Supplied data:
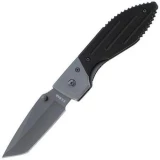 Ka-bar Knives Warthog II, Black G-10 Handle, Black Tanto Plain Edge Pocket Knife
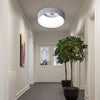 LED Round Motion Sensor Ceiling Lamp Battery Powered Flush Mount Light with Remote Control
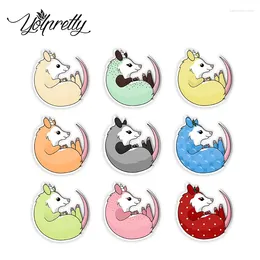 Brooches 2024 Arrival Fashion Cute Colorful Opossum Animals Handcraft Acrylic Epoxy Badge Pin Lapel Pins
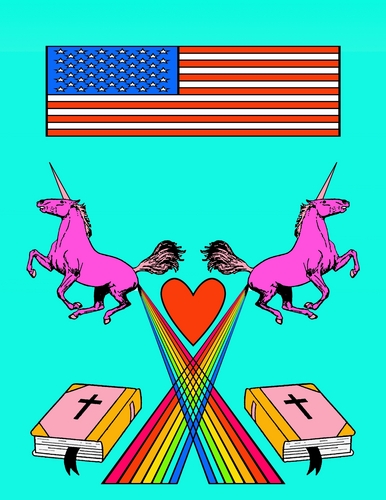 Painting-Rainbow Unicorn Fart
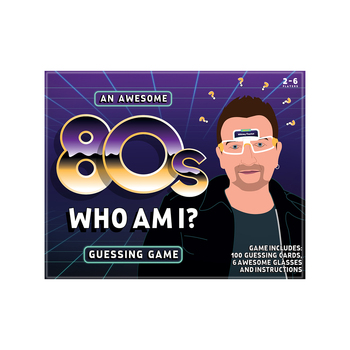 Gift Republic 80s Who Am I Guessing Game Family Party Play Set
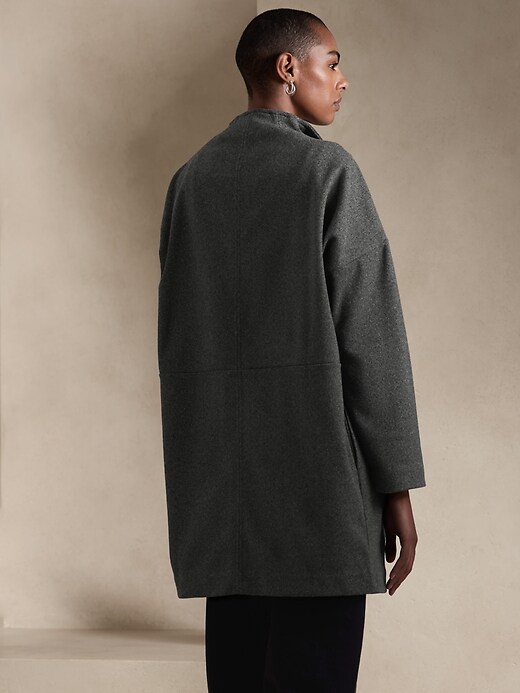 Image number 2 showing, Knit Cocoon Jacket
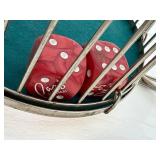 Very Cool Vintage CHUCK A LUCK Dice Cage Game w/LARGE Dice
--
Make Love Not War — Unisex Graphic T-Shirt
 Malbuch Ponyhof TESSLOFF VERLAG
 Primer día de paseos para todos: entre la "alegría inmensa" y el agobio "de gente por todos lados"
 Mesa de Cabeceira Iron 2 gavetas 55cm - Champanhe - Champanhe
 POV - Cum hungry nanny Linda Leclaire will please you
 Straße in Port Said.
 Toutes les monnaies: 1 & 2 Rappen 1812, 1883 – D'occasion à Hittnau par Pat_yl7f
* * *
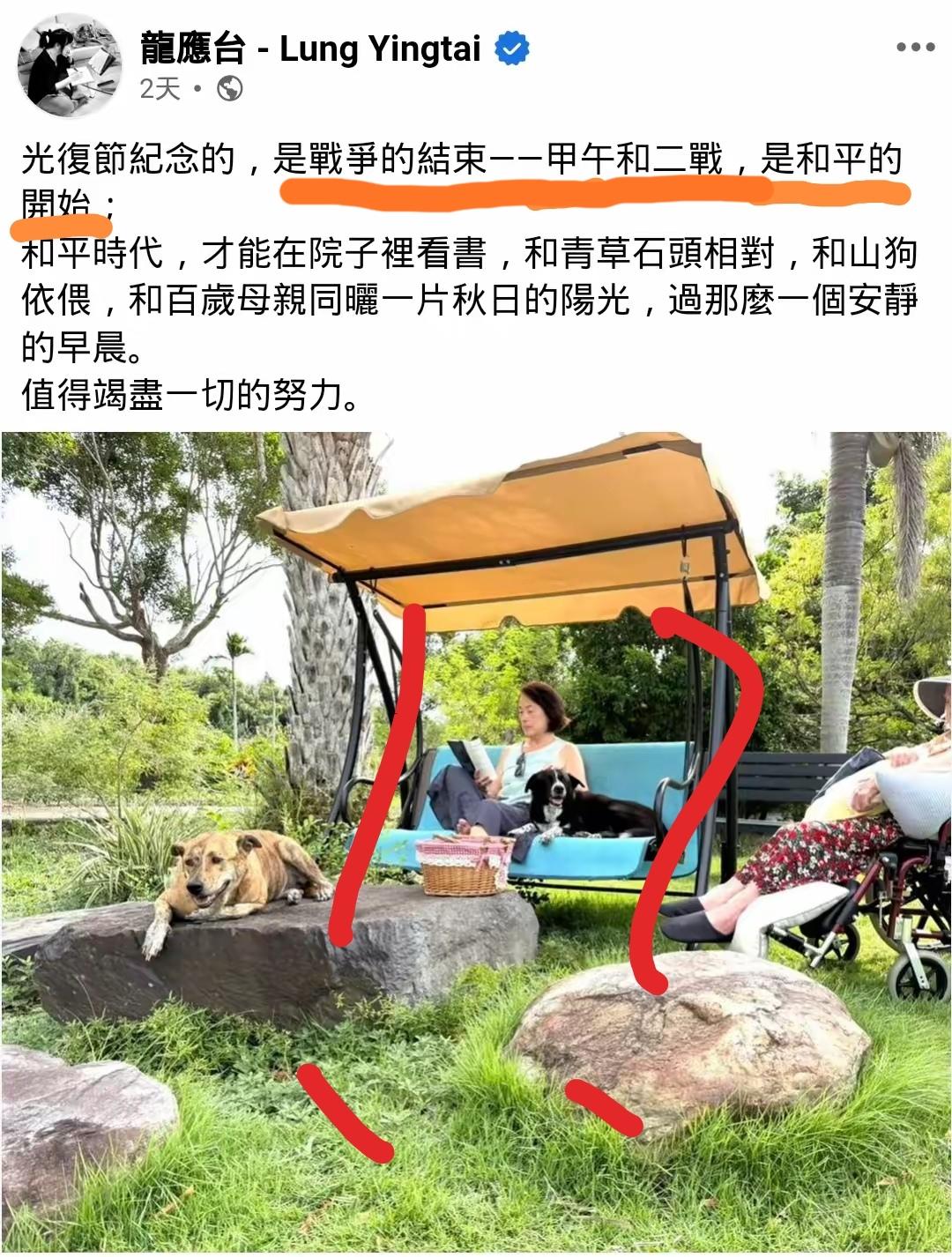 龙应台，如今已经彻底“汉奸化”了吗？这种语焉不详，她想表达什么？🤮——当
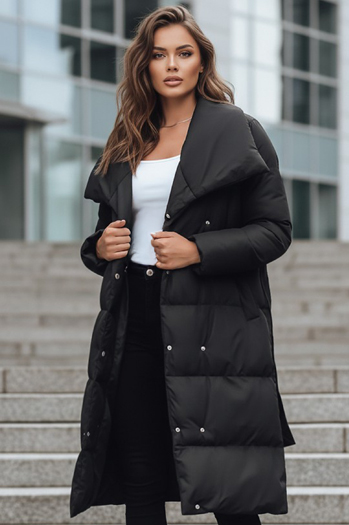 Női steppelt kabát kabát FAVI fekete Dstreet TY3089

What needs to be done:
Skip every picture, and restate word for word only the lines above from the line containing "Painting-Rainbow Unicorn Fart" to the line containing "Very Cool Vintage", both of them included.

Task solution:
 Painting-Rainbow Unicorn Fart
 Gift Republic 80s Who Am I Guessing Game Family Party Play Set
 Image number 2 showing, Knit Cocoon Jacket
 Very Cool Vintage CHUCK A LUCK Dice Cage Game w/LARGE Dice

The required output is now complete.